The proofs for each C_i are aggregated separately. The leaf, internal-for-leaf, and internal-recursive layers use an aggregation subcircuit that:

  • Constrains the validity of each child proof
  • At the leaf layer, folds cached trace commits into each child's input_i_commit to produce a folded_input_commit, then compresses (folded_input_commit, output_i_commit) into a single merkle_commit. At internal layers, Merklizes child merkle_commits into a single merkle_commit
  • Exposes merkle_commit and num_def_circuit_proofs as public values
  • Propagates def_vk_commit, leaf_vk_commit, and internal_for_leaf_vk_commit through the verifier subcircuit

Note that because we are building a Merkle tree of input and output commits, tail proofs are combined with "non-present" proofs.
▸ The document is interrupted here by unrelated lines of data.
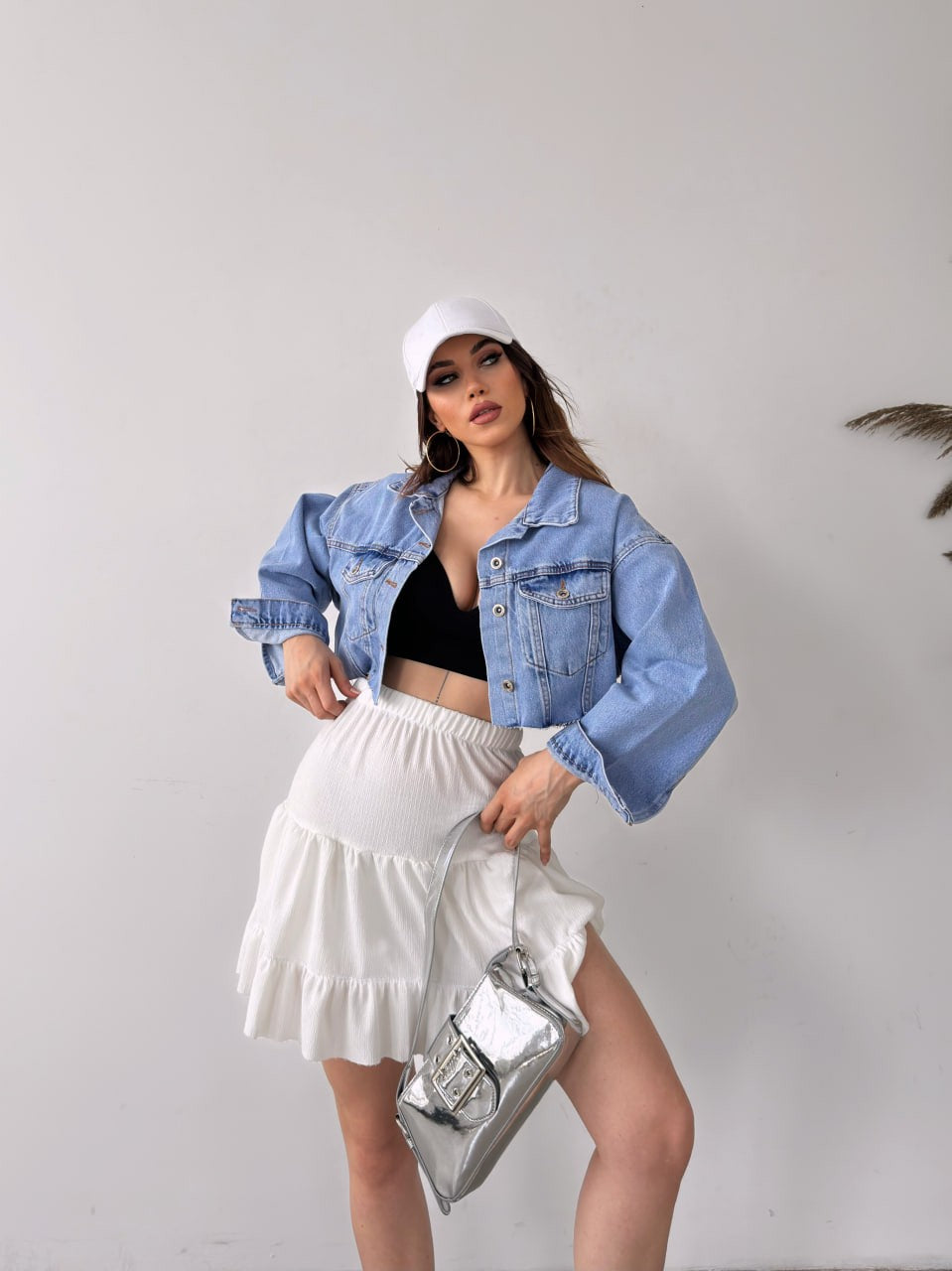Çift Cepli Yıkamalı Crop Denim Ceket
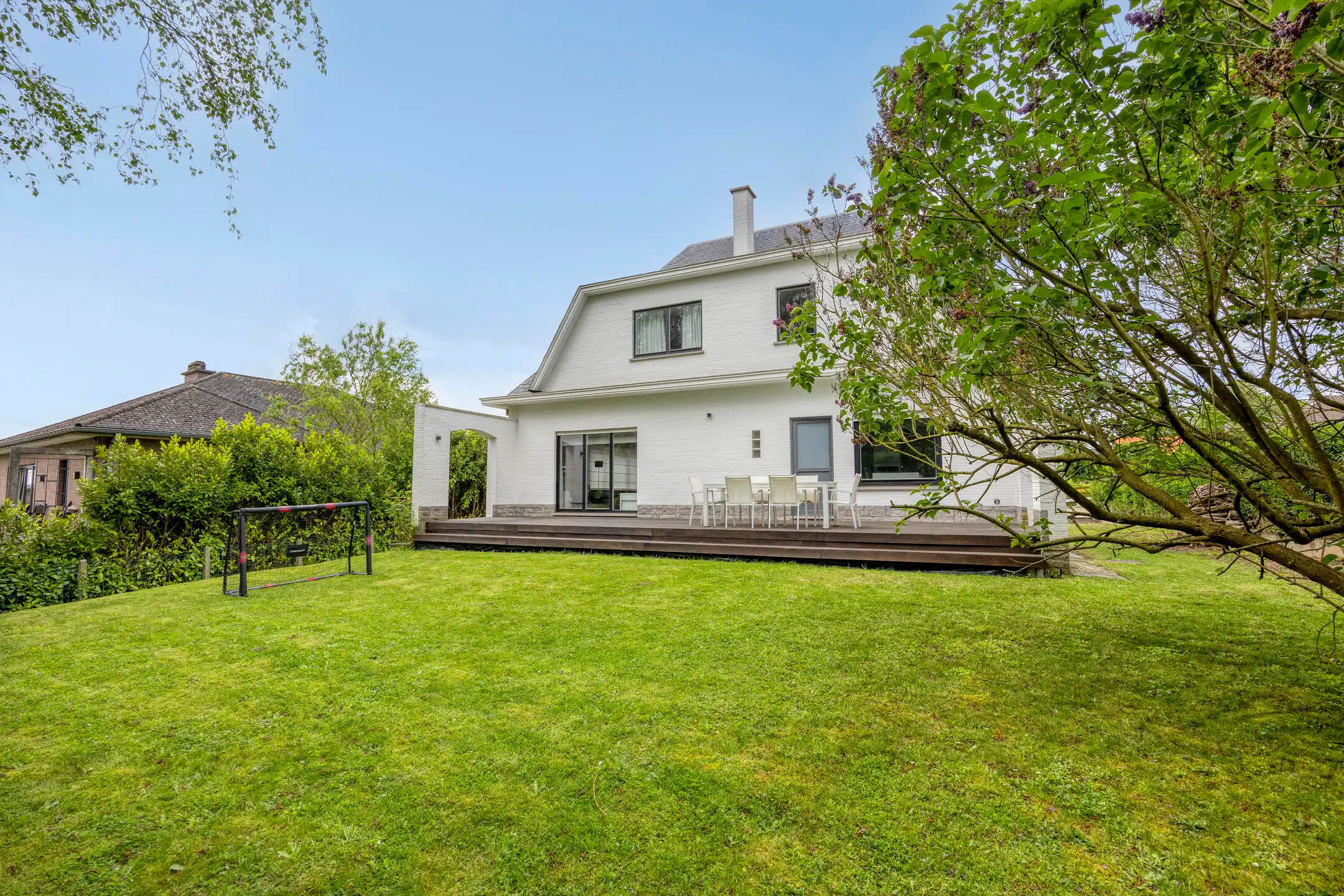 Prachtig Gerenoveerde Villa (260m²), Toplocatie in Dilbeek! foto {{pictureIndex}}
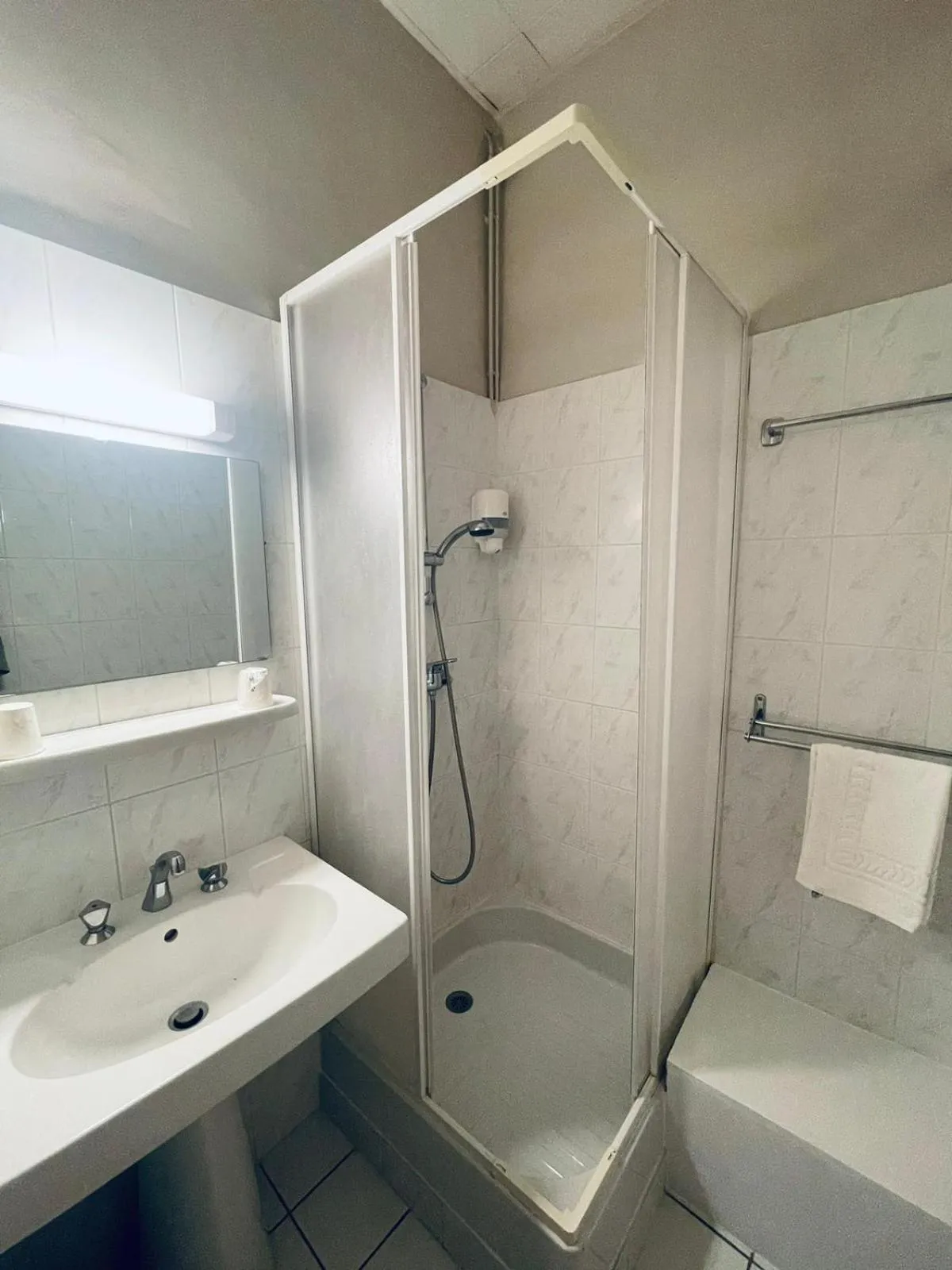 Shower in Grand hôtel de l'Europe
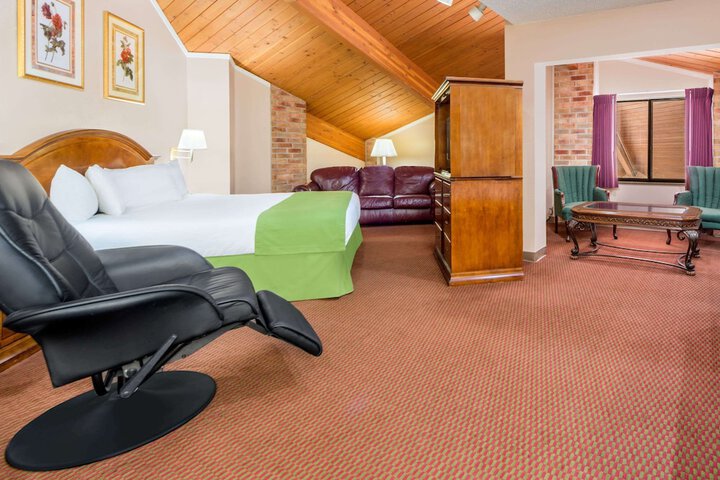 Room 4 of 21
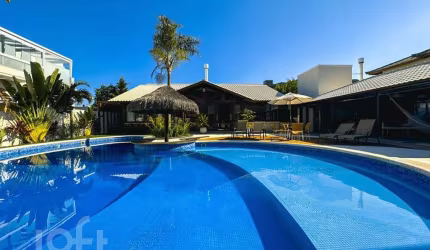 Casa em condomínio fechado com 4 quartos à venda na Rua Reverendo Gelson dos Santos Castro, 8, Rio Tavares, Florianópolis, 530 m2 por R$ 7.800.000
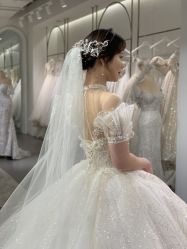 -艾米丽婚纱礼服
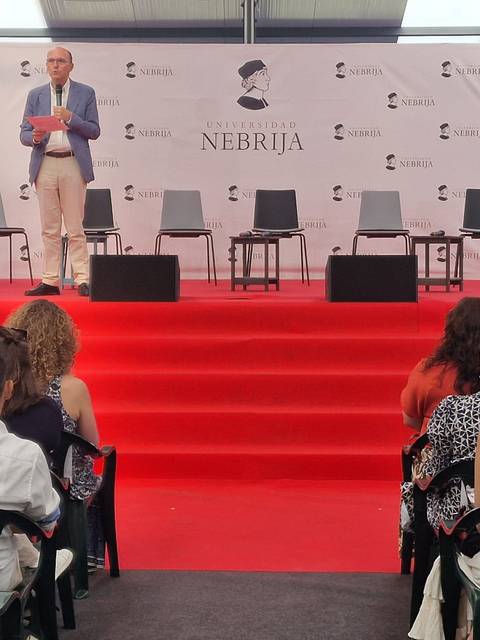 Un primer contacto con la universidad, de la mano de quienes ya están dentro y pueden ofrecer los mejores consejos y una visión real. Ese fue el objetivo de la primera edición del New Joiners & Family Nebrija Experience Day, una cita en la que interesados, futuros alumnos y sus familias pudieron conocer de cerca la institución a quienes forman parte de ella. Con un total de más de 600 inscritos, los participantes disfrutaron de esta jornada de acercamiento celebrada en el campus de Ciencias de la Vida en La Berzosa. En el acto, conducido por Eduardo Castillo, director de Relaciones Externas e Internacionalización de la Facultad de Comunicación y Artes, un grupo de alumnos de diferentes cursos y grados, y dos alumni compartieron con los futuros estudiantes cuáles han sus experiencias en Nebrija, tanto en la parte académica como en la extraacadémica. “El objetivo de la jornada es que los alumnos empiecen a vivir la Universidad desde el primer día y antes del primer día”, explicó José María Ortiz, Rector de la Universidad Nebrija-.  Levantar la mirada del móvil Gonzalo Rodríguez de Almeida Tallada, alumno de 2º de Ingeniería en Diseño Industrial y Desarrollo del Producto; Luis González Castro, alumno de 2º del doble grado en Publicidad y Relaciones Públicas y Marketing; Daniel Flores Balseiro, alumno de 3º de Fisioterapia; Víctor José Gómez Atencio, alumno de 4º de doble grado en Derecho y Relaciones Internacionales; y Rocío González Peña, alumna de 4º del doble grado en Artes Escénicas y Comunicación Audiovisual; invitaron a los futuros estudiantes de Nebrija a “levantar la mirada del móvil” y aprovechar la transversalidad de experiencias que ofrece la universidad. “Es inevitable la incertidumbre de los nuevos comienzos, pero es más enriquecedor si veis lo positivo que os puede dar la situación “, les dijo Rocío, que relató su experiencia del pasado curso en San Diego, ciudad estadounidense a la que volverá el curso próximo. En el acto también participaron Claudia Martínez Niño, alumni del Máster de Acceso a la Abogacía y actual responsable del departamento jurídico de LIBRA Gestión de Proyectos; y Luis Santos Vicens, alumni de Ingeniería Superior Informática (uno de los primeros egresados de este grado en Nebrija) y actual managing director en Deloitte, en el sector de tecnología. Martínez, quien tras sus prácticas extracurriculares en Martínez Echevarría, consiguió su primer contrato en el despacho internacional Andersen, destacó el enfoque práctico de la formación en Nebrija, que le permitió sentirse preparada y a la altura del desarrollo profesional llegado el momento; y que instó a los futuros alumnos a preguntar, “porque es lo que más te hace aprender”. Por su parte, Santos Vicens, graduado en 2000 destacó que la red de contactos que se desarrolla en Nebrija es fundamental, “uno de los mayores valores que tenemos cuando nos incorporamos al mundo profesional”, que aprovechen la oportunidad. El profesor Fernando Bonete, director del Grado en Comunicación Estratégica, Protocolo y Organización de Eventos, fue el encargado de cerrar el acto, con una conferencia sobre la inteligencia artificial.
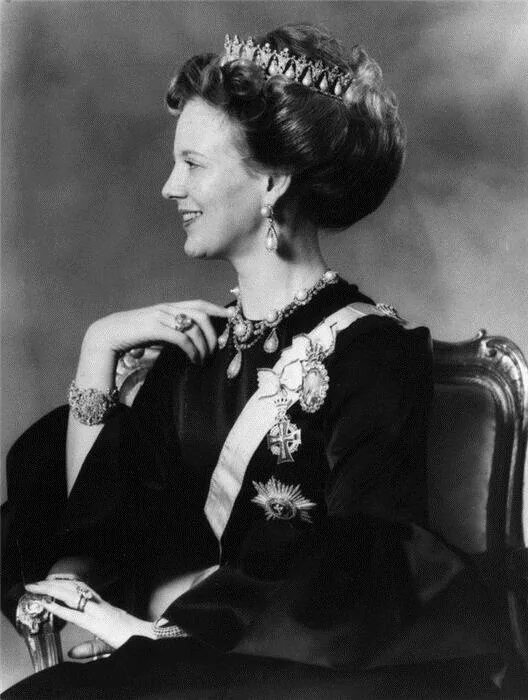 Королева маргрете 2 в молодости. Датская королева маргрете ii. Маргрете 2 королева дании в молодости. Королева дании маргрете 2. Королева дании маргрете 2.
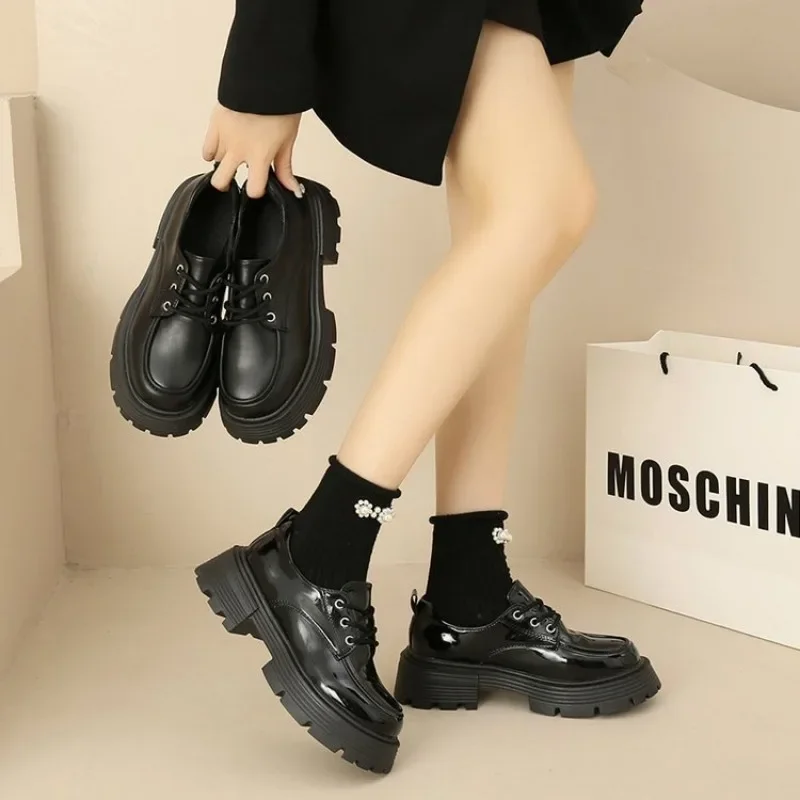 Мокасины женские кожаные на платформе удобные лоферы Вулканизированная подошва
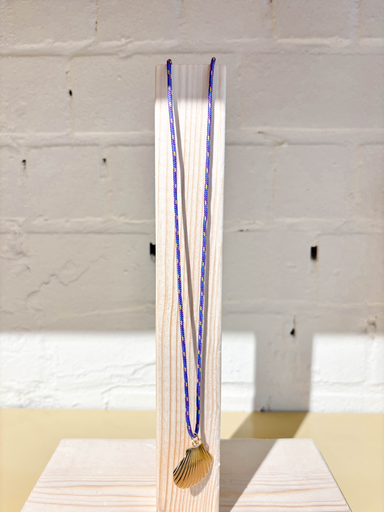 [202527] Kimchi - Ketting touw schelp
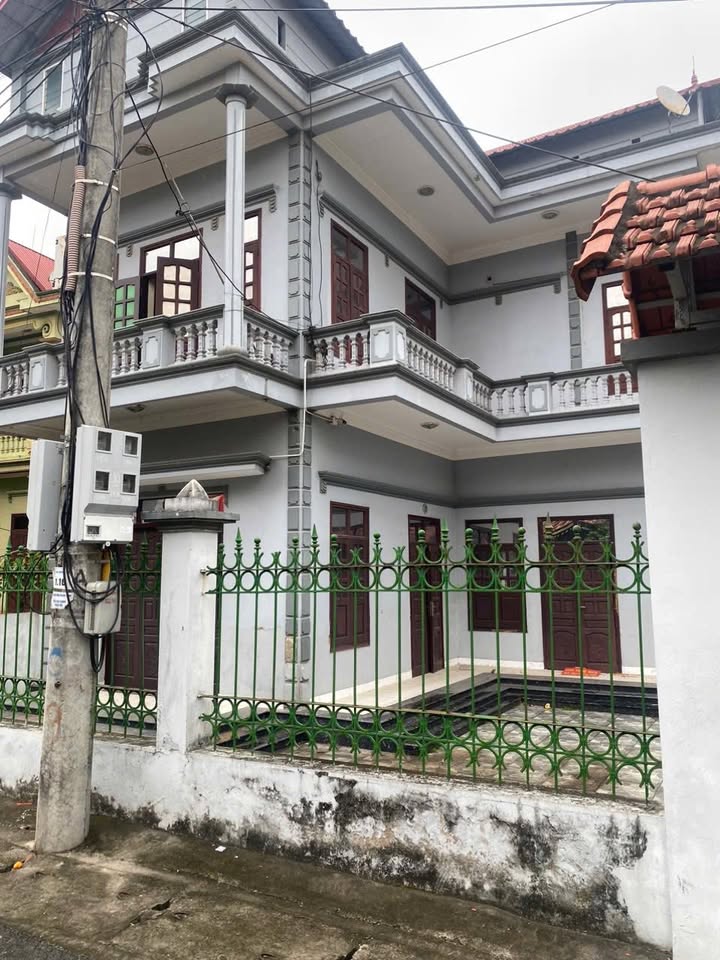 Nhà riêng Tam Hợp, Bình Xuyên 650m² - Sẵn nhà 3 tầng, ô tô vào tận nhà!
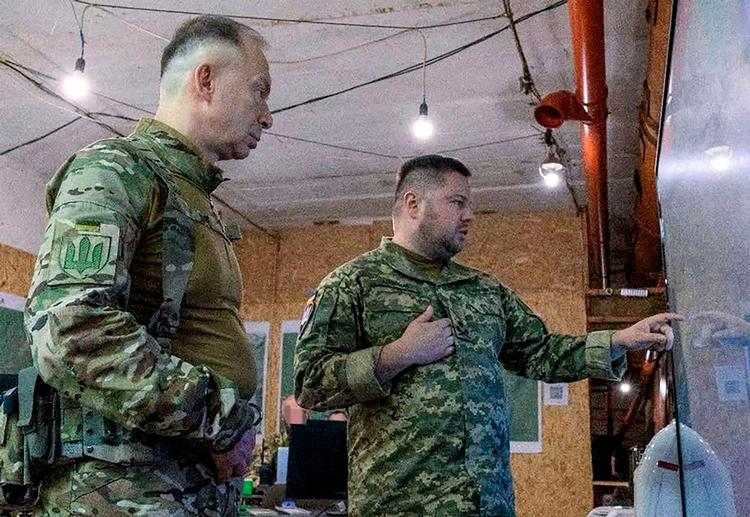 Den øverstkommanderende for Ukraines væbnede styrker    Oleksandr Syrskyi (til venstre) vurderer, at 110.000 russiske soldater er samlet i nærheden af byen Pokrovsk.  Foto: Handout/Ritzau Scanpix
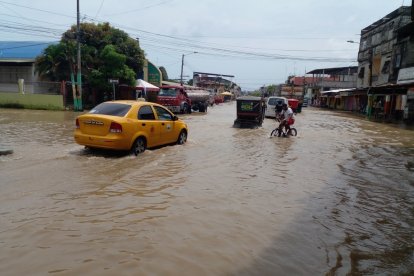Ciertas calles salitreñas parecían ríos, por el desbordamiento del río Vinces.
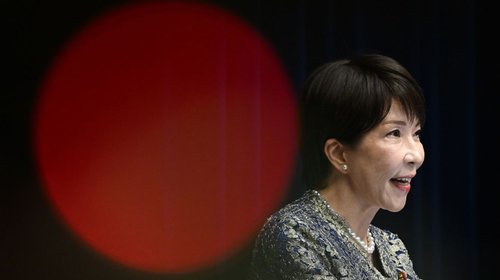 Takaichi reorganiza gabinete de Japón; mantiene a ministros clave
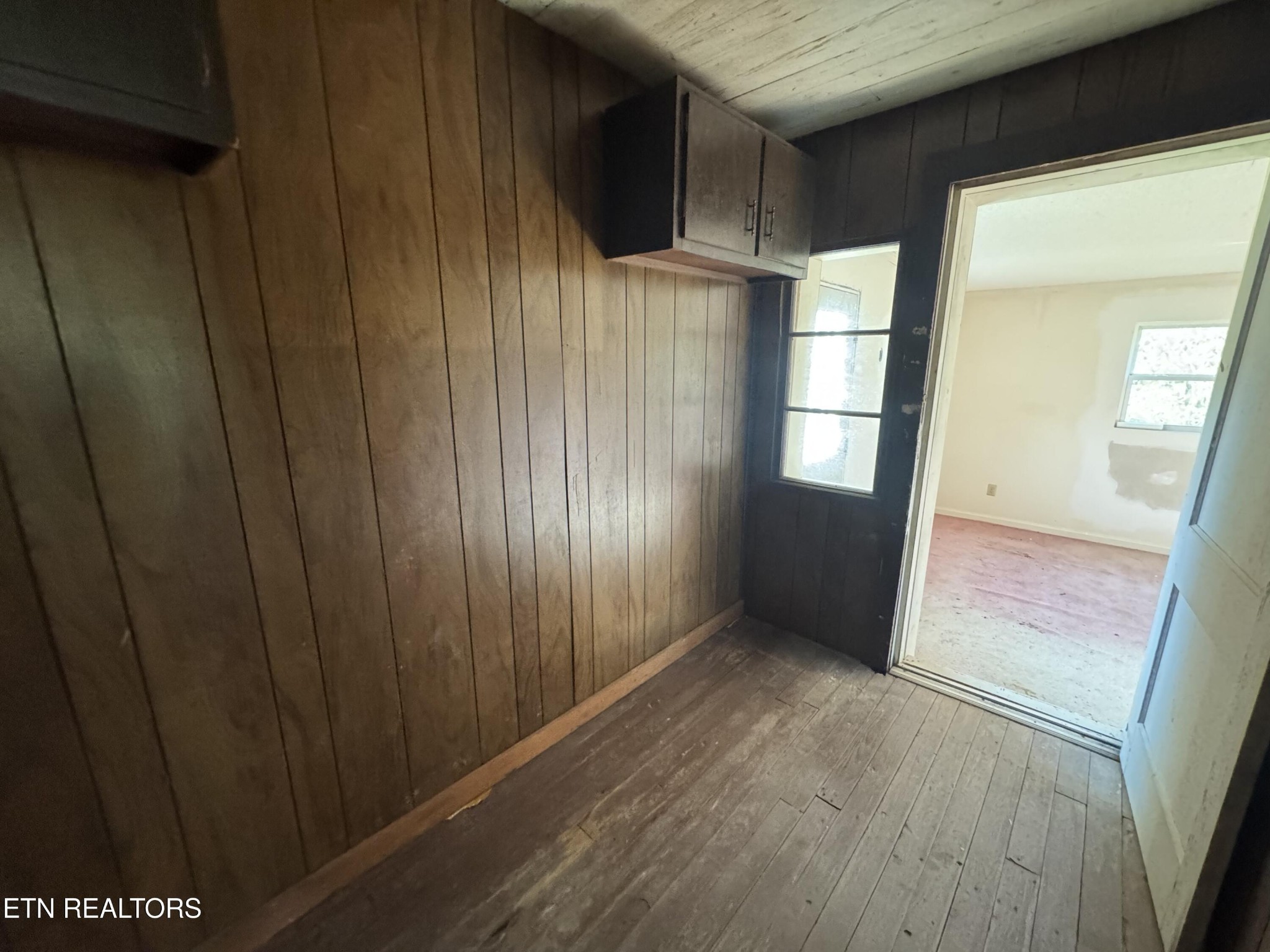 156 Sam Davis Road Decatur, TN 37322 - Photo 8 of 11 a view of entryway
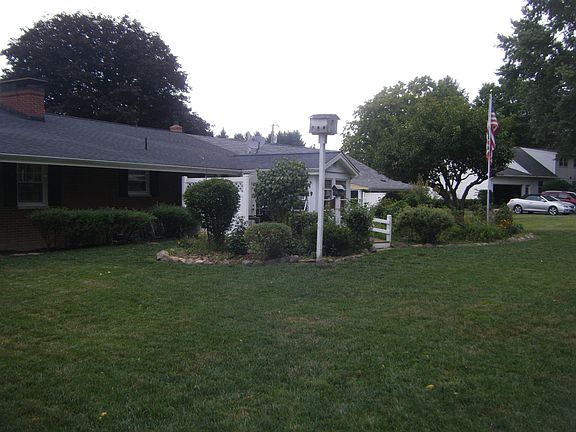 3rd image of 203 Stanton Dr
The input and output commit of a non-present proof at a particular depth is the Merkle root of a zeroed tree of that depth.

The final internal-recursive layer is passed to a deferral hook layer, which:

  • Constrains its validity
  • Reconciles the input and output Merkle commits into the input and output onion hashes
  • Computes def_circuit_commit by hashing the VK commit components (cached_commit and vk_pre_hash for each of def_vk_commit, leaf_vk_commit, internal_for_leaf_vk_commit) via hash_slice
  • Exposes DeferralPvs containing initial_acc_hash = π(π(def_circuit_commit, 0), π(0, 0)), final_acc_hash = π(π(input_onion, 0), π(output_onion, 0)), and depth = 1
    • Note that initial_acc_hash and final_acc_hash are memory subtree Merkle leaves, with each leaf zero-padded before Merklization

Deferral Aggregation Diagram

Each deferral hook proof is aggregated using the combined VM-deferral tree, which recursively exposes π(initial_acc_hash_0, initial_acc_hash_1) and π(final_acc_hash_0, final_acc_hash_1). The root verifier constrains that the final initial_acc_hash and final_acc_hash were present in the initial and final memory state respectively.

Verify STARK

STARK proof verification is implemented using the deferral framework. See the Verify STARK guest library for usage details.

  • Input_i: Proof
  • Output_i: (app_exe_commit, app_vm_commit, user_pvs) tuple
  • C_i: a recursion circuit that exposes the compressed final transcript state as input_i_commit and constrains the listed public values against the Proof's claimed public values

The compressed final transcript state serves as input_i_commit because it deterministically binds the entire proof — any change to the proof produces a different transcript, so committing to it is equivalent to committing to the Proof.

Each different guest verifying key corresponds to a different deferral circuit. The Verify STARK guest library is provided for guest developers' convenience.